The world of Mozart's Mass in C minor is full of issues, some relating to the work itself and others to the circumstances surrounding it. The main musical issue is that the work is unfinished in three quite different ways.

Some sections are complete, chorally but not instrumentally, others have survived only in an inaccurate and incomplete copy where Mozart's eight part choral writing was compressed into four or five parts because of the size of the available manuscript paper! Some sections Mozart did not set at all.

Many say ' perform the work as a noble torso, like Schubert's 'Unfinished' Symphony' . Others feel that this damages the overall proportions of the work and, what's more, the second short Hosanna makes a very poor and anti-climactic finale.

But, why did he not finish the work before the performance in Salzburg on 26 October 1783? By his standards he certainly had the time. Influenced and inspired by his recent exposure to the music of Bach and Handel, he had embarked on a vast scheme in this mass, rendering it all but useless for church purposes. Perhaps he just realised that the scheme was far too big for the classical style and maybe he was right.

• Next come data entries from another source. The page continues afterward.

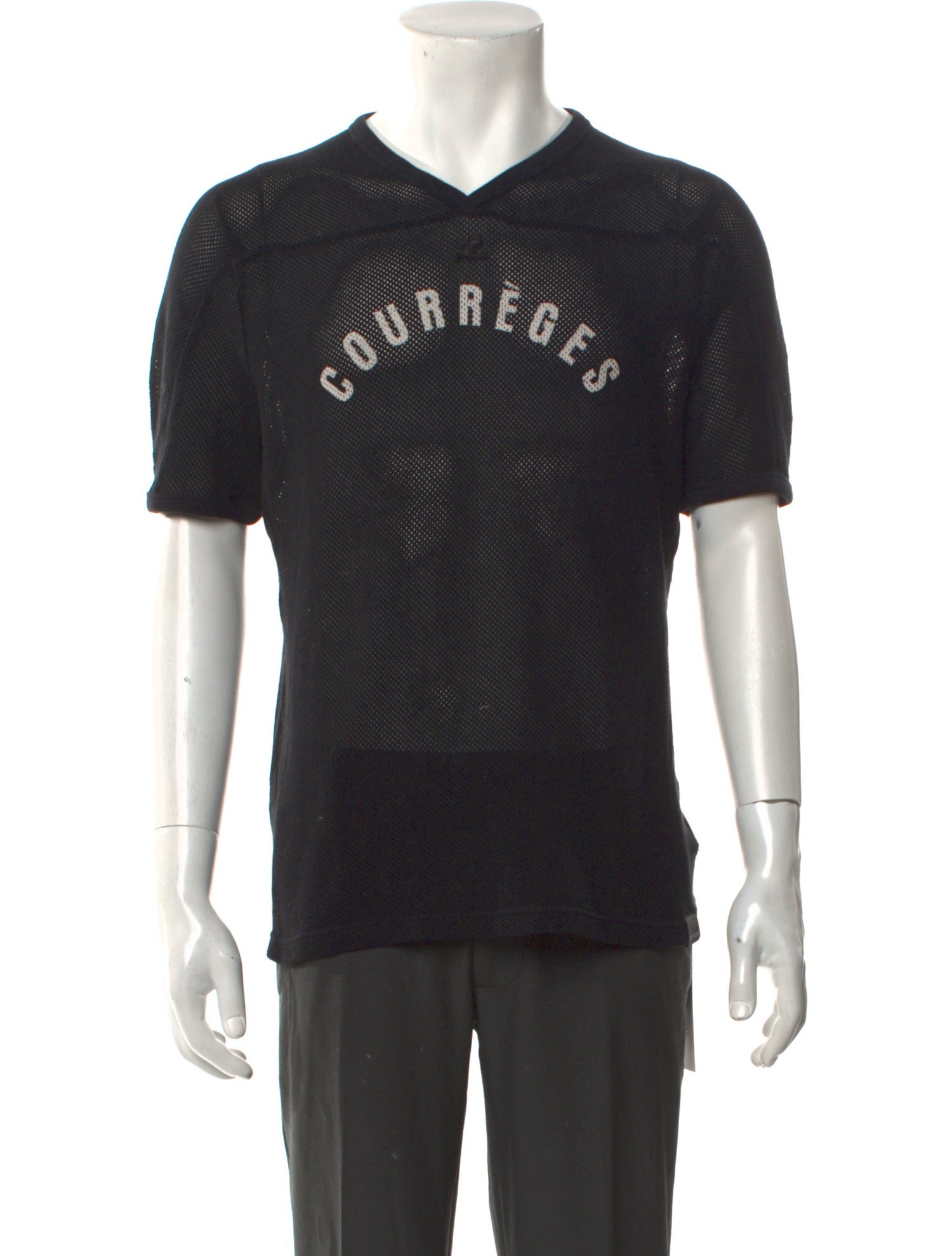 Courrèges Graphic Print V-Neck T-Shirt
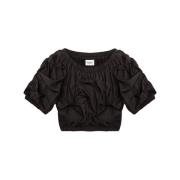 Zwarte Off-Shoulder Crop Top Isabel Marant Étoile , Black , Dames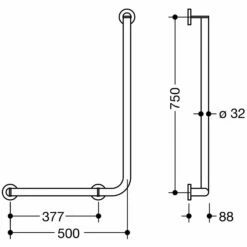 HEWI System 900 Winkelgriff, 75 Cm, Links
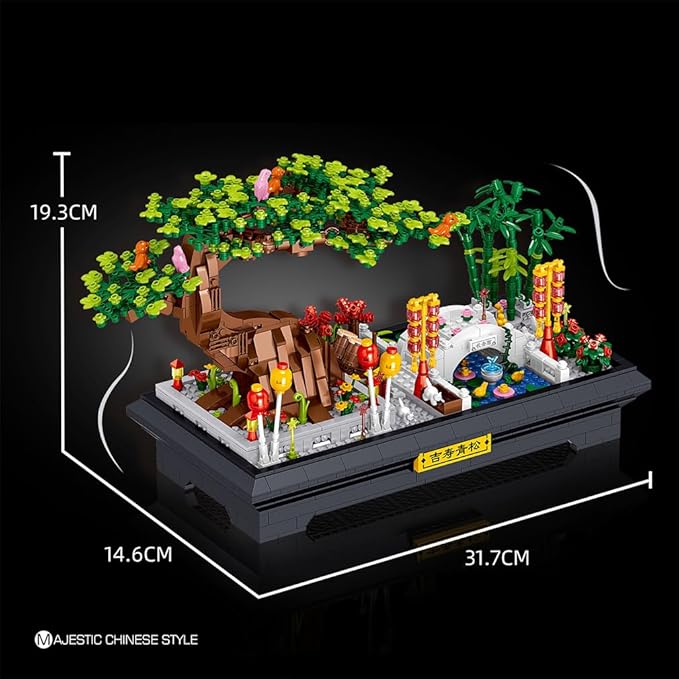 Bonsai Tree Building Sets,Oriental Style Bonsai Architectural Building Kits for Adults,Bonsai Tree Building Blocks Set for Kids 6+,Ideal Gift for Home Décor or Office Art(1286pcs)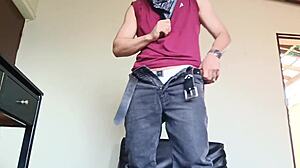 Young man strips naked and cums very hot with armpit and boots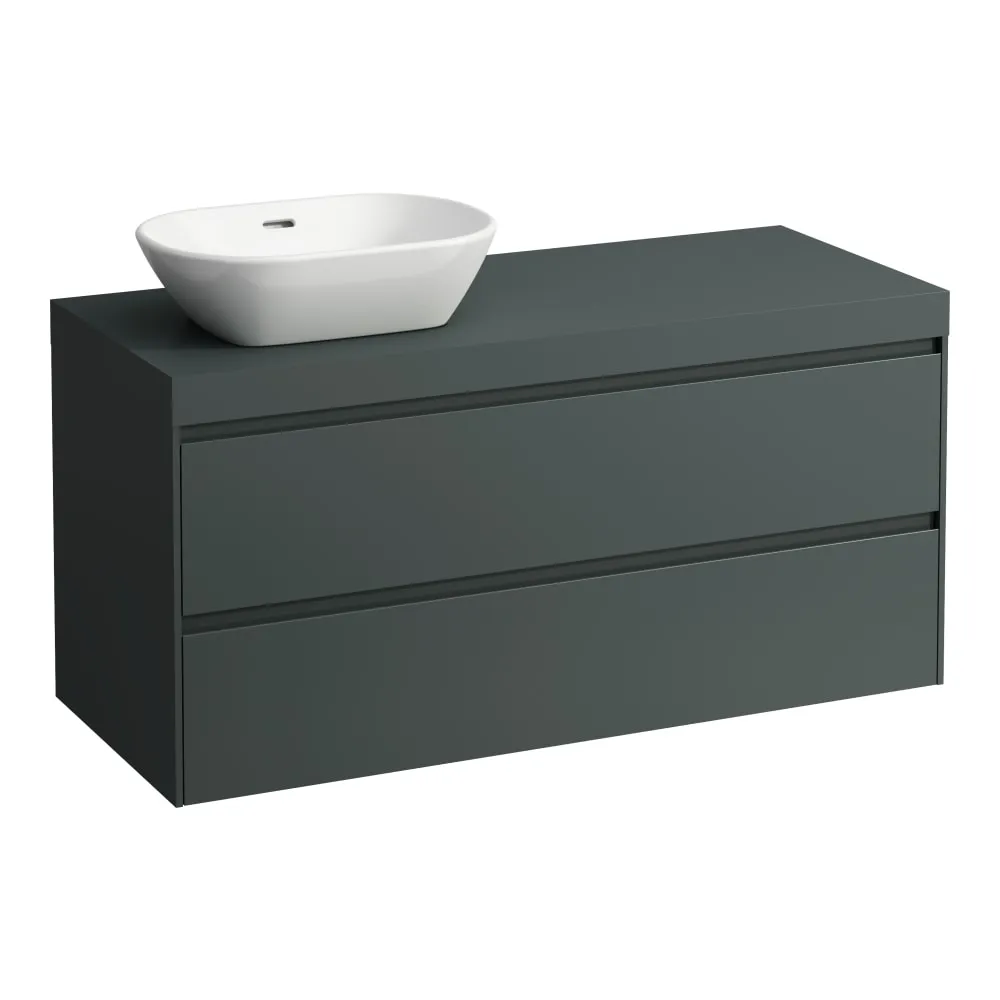 LAUFEN LANI Modular 1200, Waschtischplatte 65 mm (.266 Verkehrsgrau), Ausschnitt links, 2 Schubladen 1185 x 495 x 580 mm #H4055721122661 - 266 - Verkehrsgrau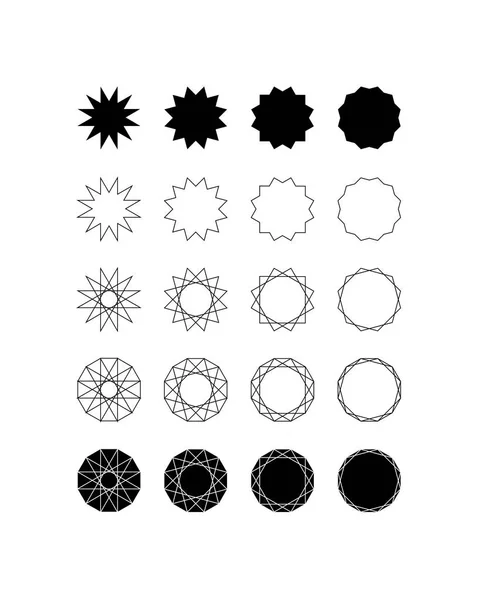 Ensemble Quinze Styles Différents Étoile Douze Points Dodecagram Dodecagon — Image vectorielle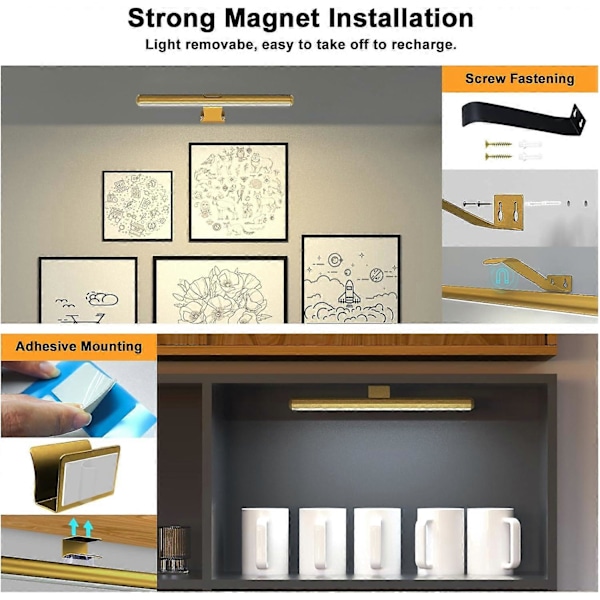 Trådløs Bildelampe Oppladbar med Fjernkontroll, 300LM Kunst Batteri Display Lampe, 3 Moduser Magnetisk Vegglampe (FMY)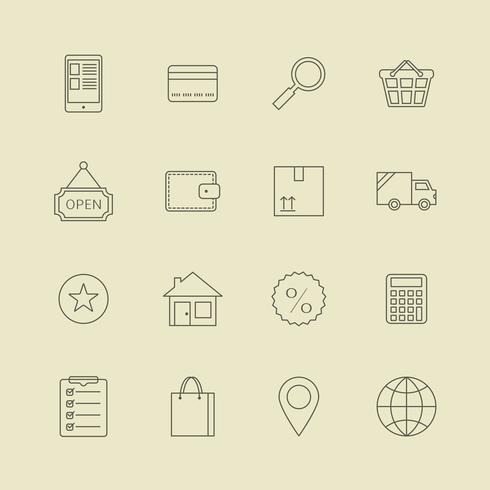 Navigation buttons for online internet store vector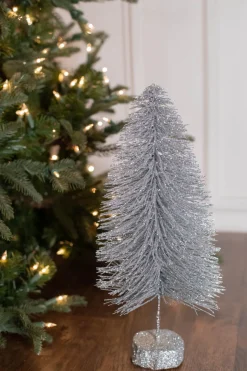 15" Large Metallic Bottle Brush Tree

For my completion, I have taken the form of the Coronation Mass K.317 as a rough template for the music of the Credo (from Et resurrexit to the end). The Et resurrexit thus becomes essentially a repeat of the music of the Credo in unum Deum, extended and developed to make a fitting climax for the Creed as a whole.

However, before the Et resurrexit comes the Crucifixus, which normally Mozart would have incorporated into the preceding Et incarnatus est. As he didn't in this case, a new movement is needed. It was not obvious what this key movement should be.

Then, I had a chance encounter in Italy with an early music group rehearsing the Masonic Funeral Music; exquisite music which is quite as weird in its own way as most of the Mass in C minor. I had found the Crucifixus, a powerful funeral march to follow the pastoral nativity scene, Et incarnatus est.

The words of the Agnus Dei come twice in the mass but, as the contexts are so very different, it is extremely important that the music should make different statements. So I have used the same music for the same words but have abridged Mozart's original Qui tollis and have totally redesigned the dynamic scheme to suit the music's new position.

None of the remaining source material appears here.